Director of Management and Budgets Bob Barron
Director of Management and Budgets Bob Barron discusses buckets of money at Monday’s Board of Estimate and Taxation meeting in City Hall.

NORWALK, Conn. – The SoNo Stars and the Mayor’s Summer Youth program are slated for funding in the newly approved 2015-16 Norwalk operating budget, as is a new engineer for the Department of Public Works. A South Norwalk Community Center enrichment program is not.

The Board of Estimate and Taxation stayed within the operating budget cap imposed by the Common Council as it voted Monday to take $51,000 out of a $12 million insurance fund to keep the SoNo Stars, a group of disabled people who clean SoNo streets, in business, as well as to show local donors that the city supports the Mayor’s Summer Youth program. SoNoCC Executive Director Kelly Robertson was told that she needs to get creative to find funding, that the center’s entire budget cannot come out of taxpayer dollars. A grant for the Fair Housing office was also left out of the city’s operating budget.
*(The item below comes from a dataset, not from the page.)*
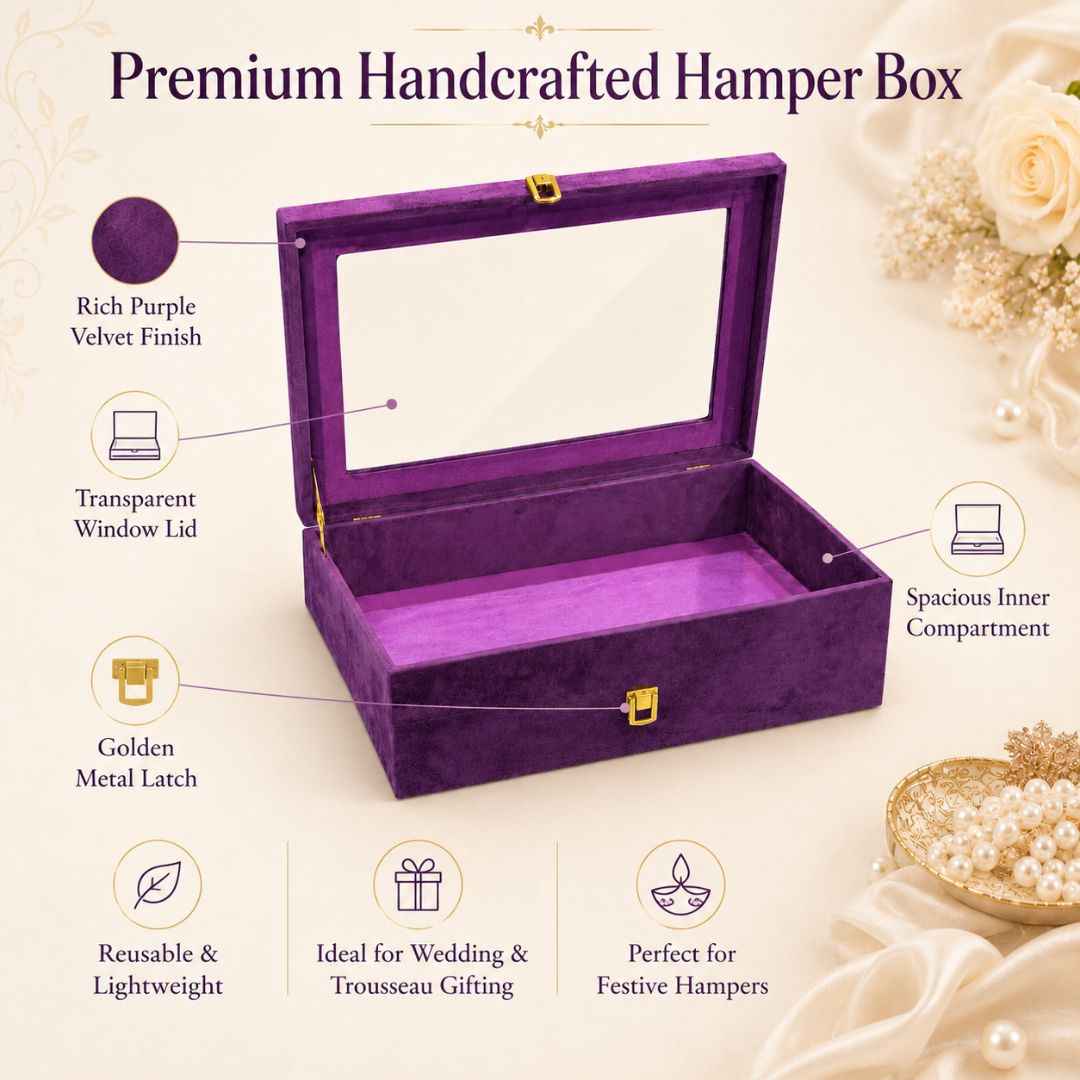 Purple Transparent Lid Gift Box with Golden Latch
The BET began its meeting $70,000 over the $309,714,111 cap for spending from Norwalk tax dollars set by the Council.  It ended the meeting on the money, with a $327,030,611 total expenditure and $17, 316,500 in intergovernmental revenues.

Robertson was looking for $26,000 for enrichment programs for the children in the After the Bell program, including classes in art, chess, cooking and dance. But her attempts to answer questions from BET members drew confusion, and more questions.
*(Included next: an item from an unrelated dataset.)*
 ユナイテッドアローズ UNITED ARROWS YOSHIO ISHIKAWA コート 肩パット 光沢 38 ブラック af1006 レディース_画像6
“There isn’t the kind of clarity here that we usually get in our grant applications,” BET Chairman Jim Clark finally said.

BET member Anne Yang Dwyer told her to think of other ways to raise money. So did BET member Erik Anderson.
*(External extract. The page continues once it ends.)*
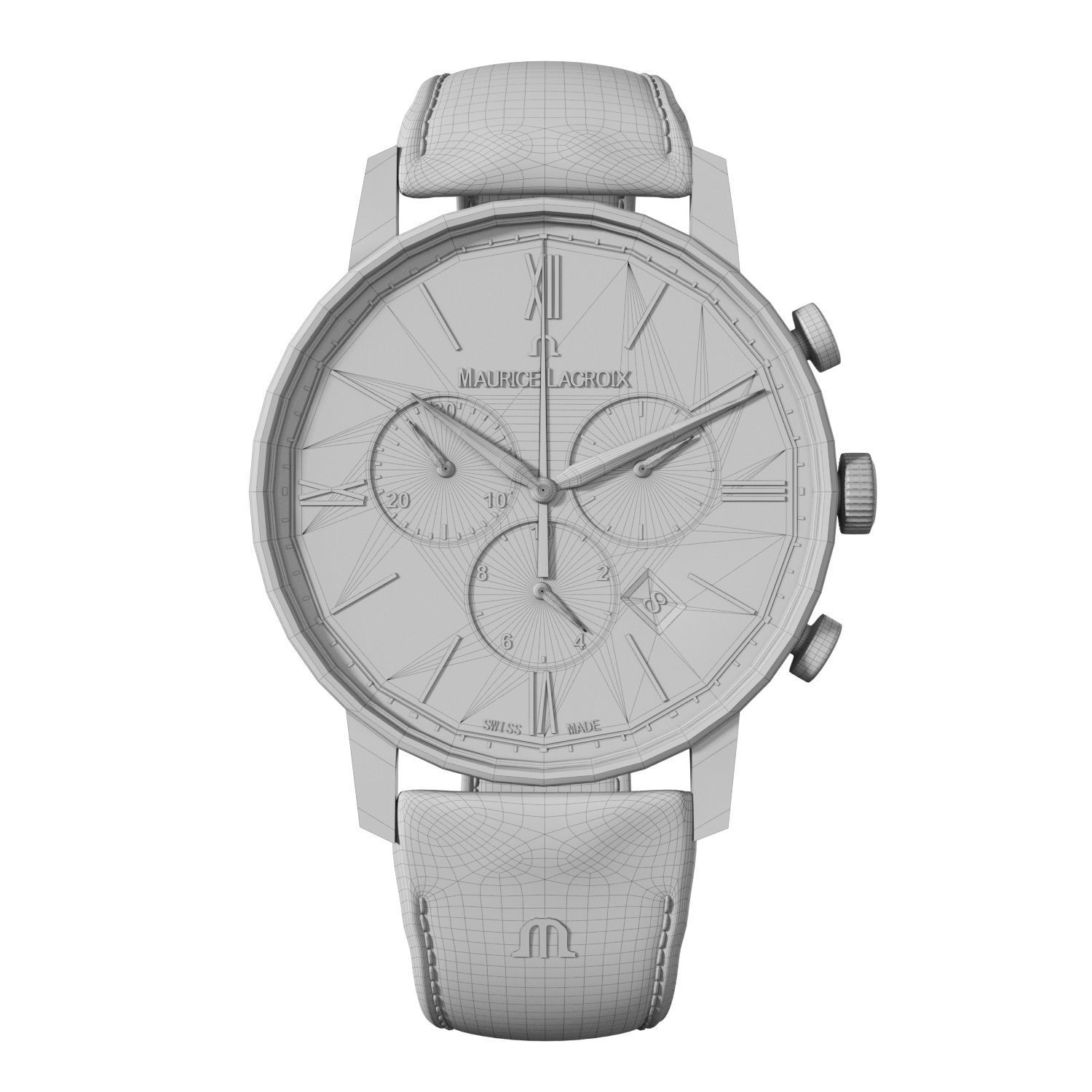 Watch Maurice Lacroix Gold FULL  Low-poly 3D model_9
“This might be the year for you, as your first full year (as executive director) to really get some creative initiatives going because unfortunately the money is not there,” Anderson said.

Clark pointed out that the After the Bell program is being paid for by the Board of Ed, which is also taxpayer money. He asked her how much of SoNoCC’s budget comes from Norwalk tax dollars.

Mayor Harry Rilling
Mayor Harry Rilling listens to SoNoCC Executive Director Kelly Robertson at Monday’s Board of Estimate and Taxation meeting in City Hall.

“They are changing with it because it has, we have gone now, this year we will be going to a six week program, because we will be starting a new fourth, and I am still waiting for them to actually give me that budget. The contract that we did sign, that was what I used for these numbers, and for these numbers to be accurate,” Robertson said.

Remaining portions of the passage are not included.